## TASK PROMPT
Return the records as they stand. No picture is to be included.

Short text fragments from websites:
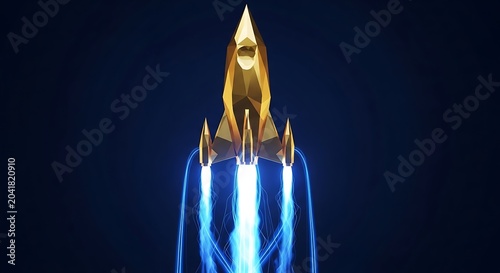 A golden geometric rocket blasts off with blue trails against a deep blue background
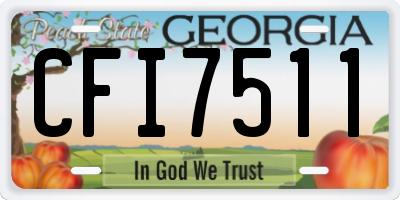 GA license plate CFI7511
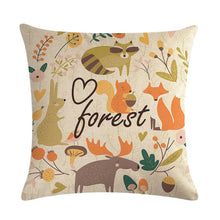 Load image into Gallery viewer, Forest Animal Fox Throw Pillow Covers Cute Cushion Cover Children Linen Cotton Teal Square Decorative for Sofa Pillow Case Decorative Cushion Pillowcases for Car Sofa Couch Woodland Girls Nursery Room Decor 45x45cm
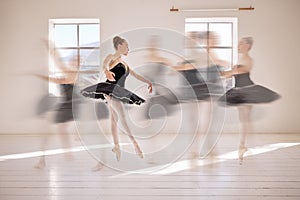Ballet, dance student and movement of dancing woman in practice, training and performance in studio with CGI special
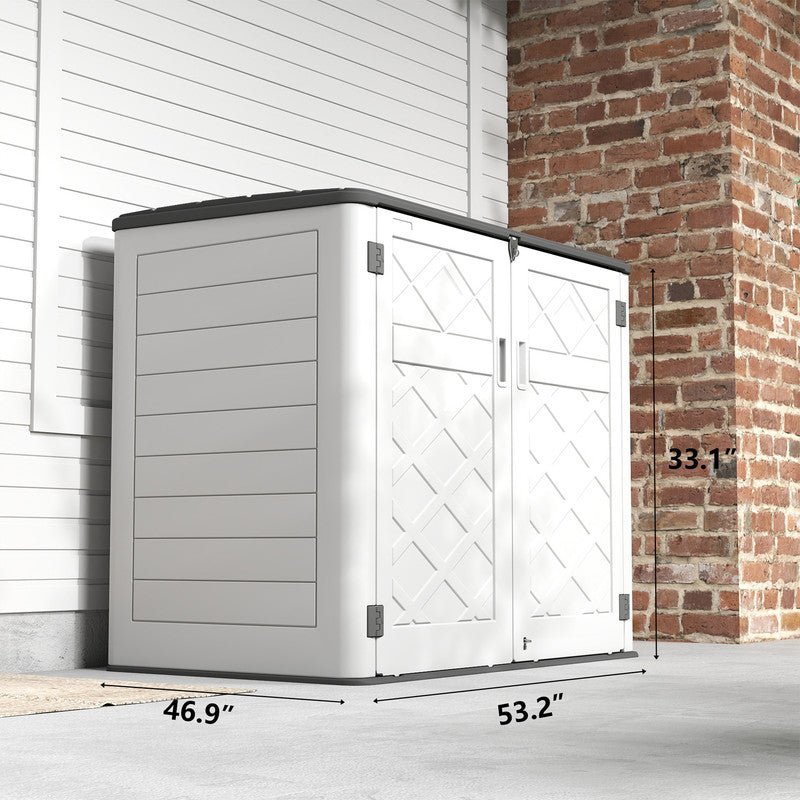 Yardgrace 38 Cu. Ft. Horizontal Outdoor Storage Shed with 2 Metal Shelves, Weatherproof Resin, White Or Brown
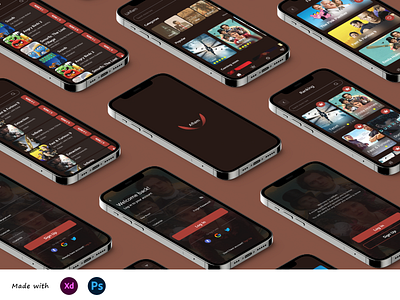 UAflam (Movie Application) adobe xd android app design iphone mobile mobile app movie application movieapplication photoshop ui uiux ux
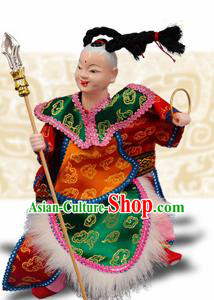 Chinese Traditional Red Boy Marionette Puppets Handmade Puppet String Puppet Wooden Image Arts Collectibles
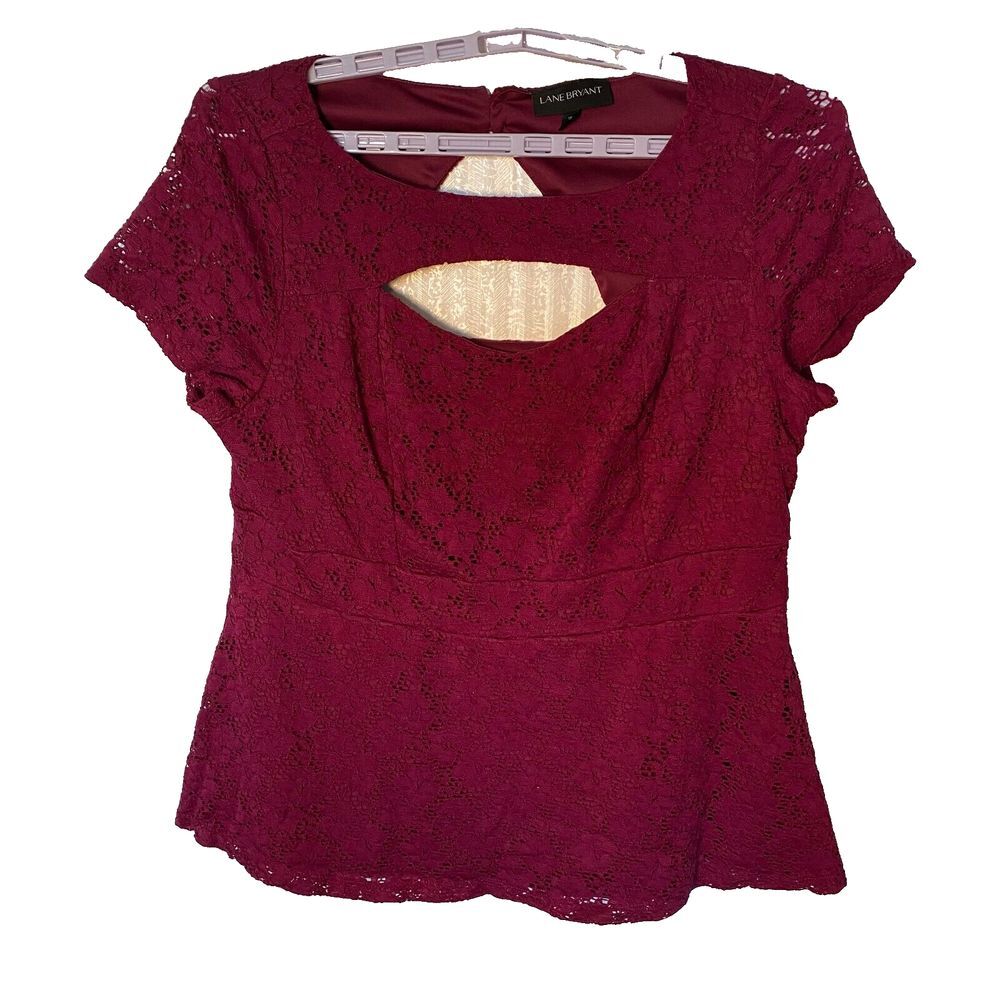 Lane Bryant Lace Peplum‎ Stretch Top Women's Size 18 Burgundy Lace Lined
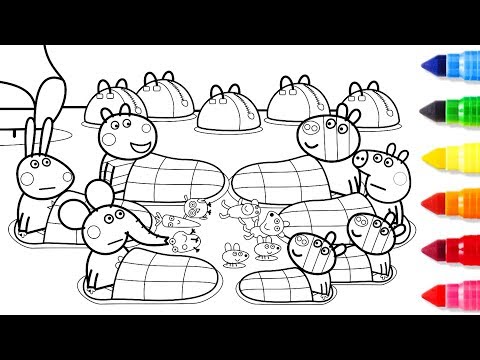 Wheels on the bus peppa pig friends together coloring pages book learning drawing videos for kids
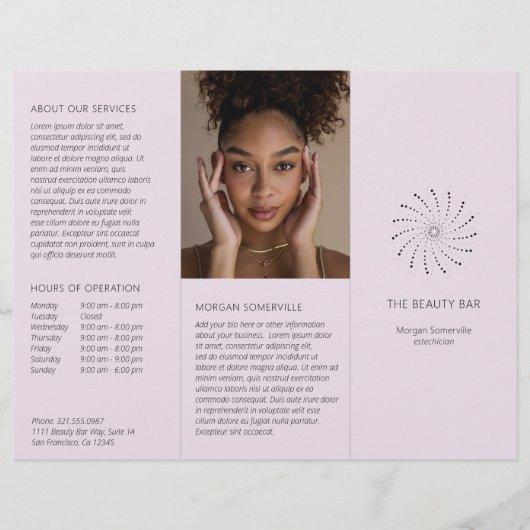 Elegante Lilac Abstrakte Blume Moderne Broschüre (Vorderseite)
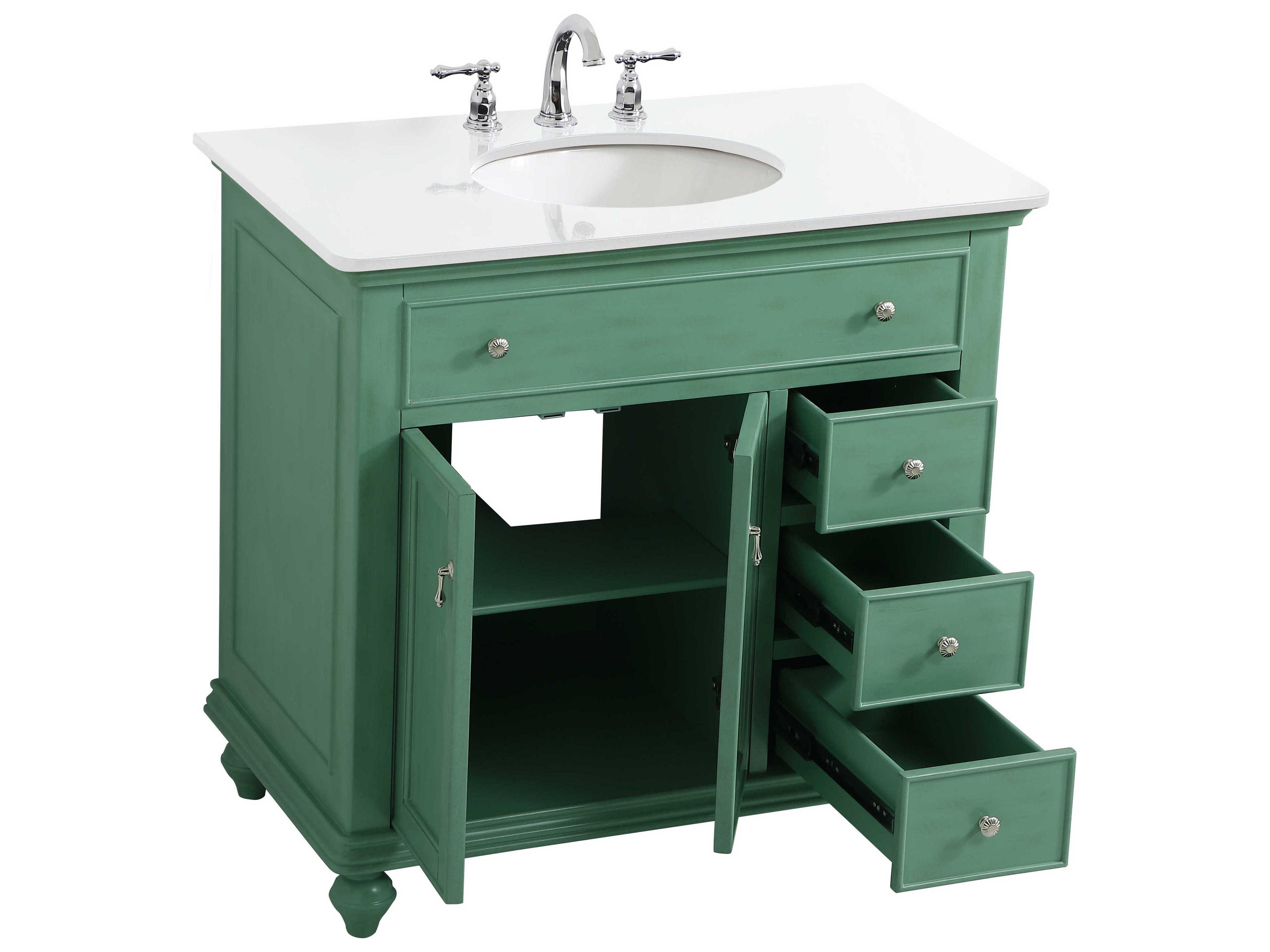 Elegant Lighting Otto Vintage Mint 36" Vanity with Ivory White Quartz Countertop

## SOLVED EXERCISE
 A golden geometric rocket blasts off with blue trails against a deep blue background
 GA license plate CFI7511
 Load image into Gallery viewer, Forest Animal Fox Throw Pillow Covers Cute Cushion Cover Children Linen Cotton Teal Square Decorative for Sofa Pillow Case Decorative Cushion Pillowcases for Car Sofa Couch Woodland Girls Nursery Room Decor 45x45cm
Ballet, dance student and movement of dancing woman in practice, training and performance in studio with CGI special
 Yardgrace 38 Cu. Ft. Horizontal Outdoor Storage Shed with 2 Metal Shelves, Weatherproof Resin, White Or Brown
 UAflam (Movie Application) adobe xd android app design iphone mobile mobile app movie application movieapplication photoshop ui uiux ux
 Chinese Traditional Red Boy Marionette Puppets Handmade Puppet String Puppet Wooden Image Arts Collectibles
 Lane Bryant Lace Peplum‎ Stretch Top Women's Size 18 Burgundy Lace Lined
 Wheels on the bus peppa pig friends together coloring pages book learning drawing videos for kids
 Elegante Lilac Abstrakte Blume Moderne Broschüre (Vorderseite)
 Elegant Lighting Otto Vintage Mint 36" Vanity with Ivory White Quartz Countertop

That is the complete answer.